Figure 2: RIME overcomes the limitations of thermodynamics-based tools. a, Heatmap of Pearson correlation coefficients between RRI prediction tools, calculated using scores assigned to positive interactions in the Psoralen-based test set. For comparability with RIME scores, ∆G values from thermodynamics-based tools were converted by inverting their sign. Tools with similar scoring patterns were grouped using average linkage hierarchical clustering based on Euclidean distances. b and c, ROC curves describing the performances of the RRI prediction tools in the DRP (b) and DRI (c) tasks, shown for the Psoralen HQ Human (left) and the RIC-seq HQ (right) datasets. To address class imbalance, negatives were randomly undersampled 100 times to match the number of positives, and ROC curves were averaged across iterations.

In the DRP task, RIME consistently outperformed thermodynamics-based tools on human Psoralen-based RNA-RNA interactions, particularly when assessed against higher quality sets. In particular, for the subset with at least 3 supporting reads or interacting regions length higher than 35 nucleotides (hereby named Psoralen HQ Human), RIME demonstrated an AUC of 78%, while the top-performing thermodynamics-based tool (RIsearch2) reached 63%. Noteworthy, we observed a similar trend when evaluating the methods against interactions detected via RIC-Seq, with RIME achieving an AUC of 77% when assessed against interactions supported by at least 4 reads (RIC-seq HQ), whereas on the same set thermodynamics-based tools reached a peak AUC value of 66% with RIsearch2. Although the overall performance metrics for the DRI task were comparatively lower, RIME still stood out as the top-performing tool, with its AUC improving alongside dataset quality. On the Psoralen HQ Human dataset RIME demonstrated an AUC of 72%, while the leading thermodynamics-based tool (RIsearch2) achieved an AUC of 58%. Consistently, on the RIC-Seq HQ dataset, RIME’s AUC (70%) was significantly better than RIsearch2’s one (61%)

The web-service leverages the RIMEfull model, which was trained on an expanded dataset by incorporating the validation set into the training phase.
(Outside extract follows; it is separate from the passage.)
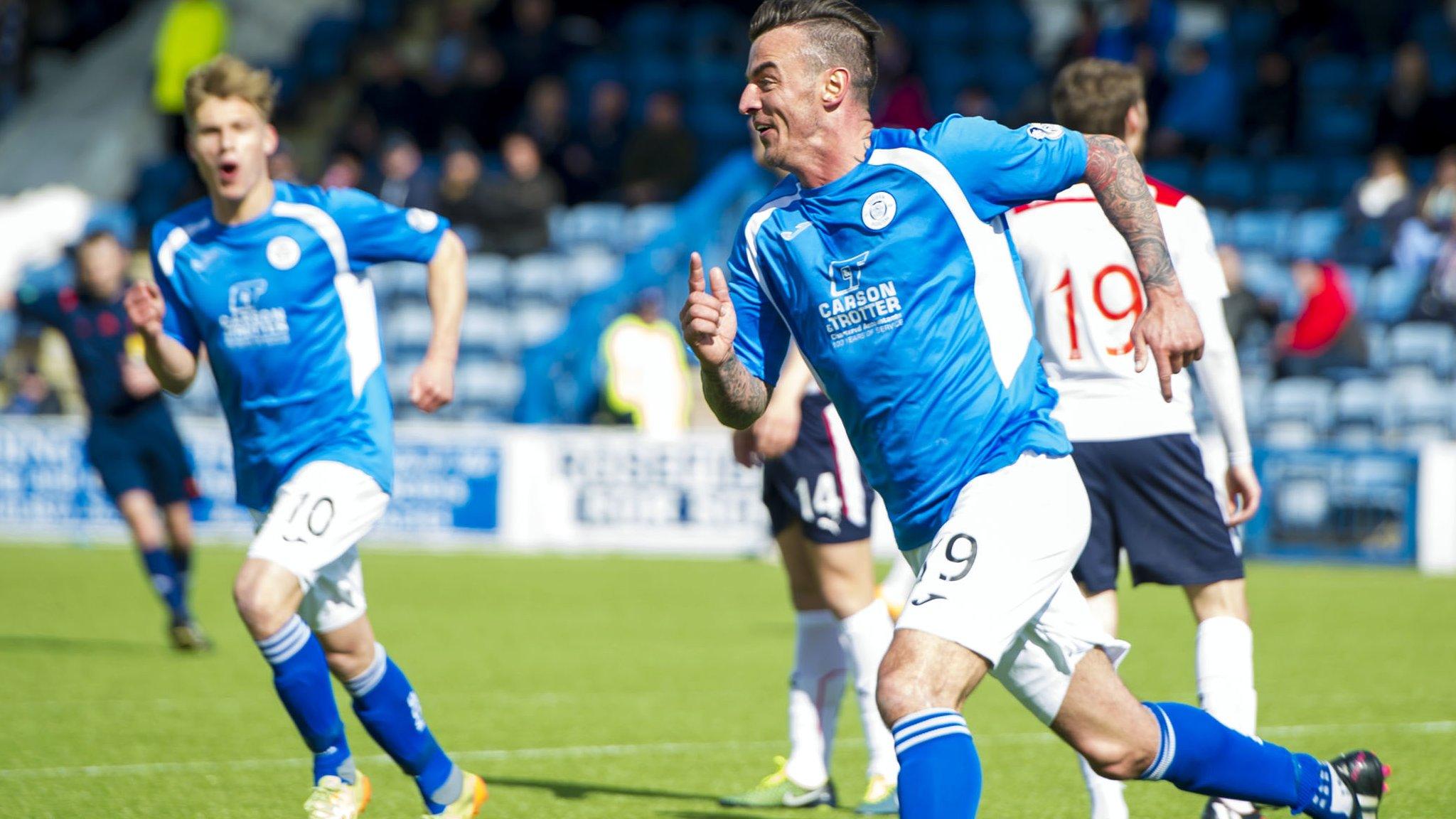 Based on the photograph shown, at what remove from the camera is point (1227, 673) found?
509cm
This expanded training dataset enhanced the model's performance when evaluated on the high-quality RIC-seq data.

Example Image

Figure 3: Evaluation of the RIMEfull model. Line plots illustrating the performance (ROC-AUC) of RISE and RISEfull models on RIC-seq test sets with progressively higher quality, measured for the DRP (left panel) and DRI (right panel) tasks. The bottom x-axis represents the minimum interacting region length thresholds. At each threshold value, the positive set was subsampled to match the quality criteria and, to address class imbalance, negative samples were randomly undersampled 100 times to match the number of positives. ROC-AUC scores were averaged across iterations. The number of interactions retained at different threshold values is reported in the top x-axis of each line plot.